|| While heavy alcohol intake has been regularly found to increase the risk of upper aero-digestive tract (UADT) cancers (mouth, tongue, pharynx, larynx, etc.), results are less clear for gastric cancer. The present study is notable because it is based on a large number of subjects, uses appropriate analytic methods, and provides dose-dependent results according to type of beverage.
For total alcohol, the dose-response results in this meta-analysis show a curvilinear relation between alcohol intake and gastric cancer, with a minimal (4%) but significant increase per typical drink (12.5 g/alcohol). However, there were varying responses for different beverages. In beverage-specific analyses, for beer, a non-linear relation was found with a significant increase of 7%/drink (CI 1.01, 1.13); for liquor, there was a linear association, with RR=1.03 (CI 0.98, 109); and for wine, the RR was 0.99 (CI 0.93, 1.06).
While the authors show a figure of the dose-response curves for each beverage using a non-linear approach, they do not provide the specific values in a table or in the text; this makes it difficult to clearly determine threshold effects of beverages. The figures suggest that the risk associated with beer consumption shows a slight decrease for 1 to 2 drinks/day, then an increase; for spirits, no decrease with lighter intake is seen; for wine, the curve is continuously downward. The authors do state that “light, moderate, and wine drinking would not increase gastric cancer risk,” so it is presumed that significant increased risk was not noted for moderate drinking for any specific beverage when non-linear effects were evaluated. Thus, overall, it appears that this large meta-analysis shows no significant increases in risk for light to moderate consumption of an alcoholic beverage, but a slight increase in risk associated with greater intake of beer and spirits. For wine, no increase in the risk of gastric cancer was seen for any level of consumption.

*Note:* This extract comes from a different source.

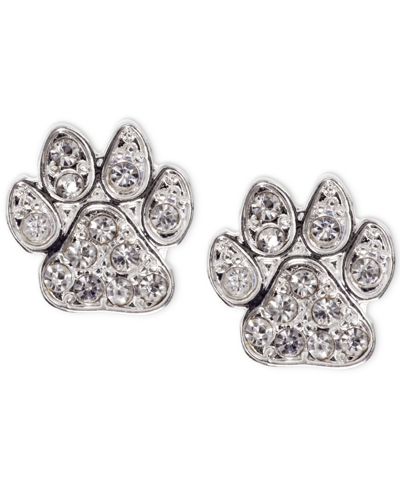 Shop Pet Friends Jewelry Silver-tone Pave Paw Stud Earrings In Ivory/cream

In a number of sensitivity analyses, the authors found tendencies for a lower gastric cancer risk associated with alcohol for cohort versus case-control studies, for studies with larger numbers of subjects, for studies judged to be of higher quality, and for studies adjusting for confounding by SES & income; these types of studies would be expected to yield more precise estimates of effect. These results led the authors to state these sensitivity analyses “ . . . indicate that our results may be exaggerated to some degree, but it should be noted that the pooled risk estimates of high-quality studies yielded similar results to the original analysis.”
Overall, Forum members considered this to be a well-done analysis, and the data support an increase in gastric cancer risk for heavier drinking (of beer or spirits) but no significant effects for light or moderate drinking of any alcoholic beverage. Forum members considered that if the lack of increase in cancer risk from wine consumption seen in this analysis proves to be true, it might relate to the polyphenols in wine that block any adverse effects of alcohol on gastric cancer risk.
Reference: Wang P-L, Xiao F-T, Gong B-C, Liu F-N. Alcohol drinking and gastric cancer risk: a meta-analysis of observational studies. Oncotarget 2017;8:99013-99023.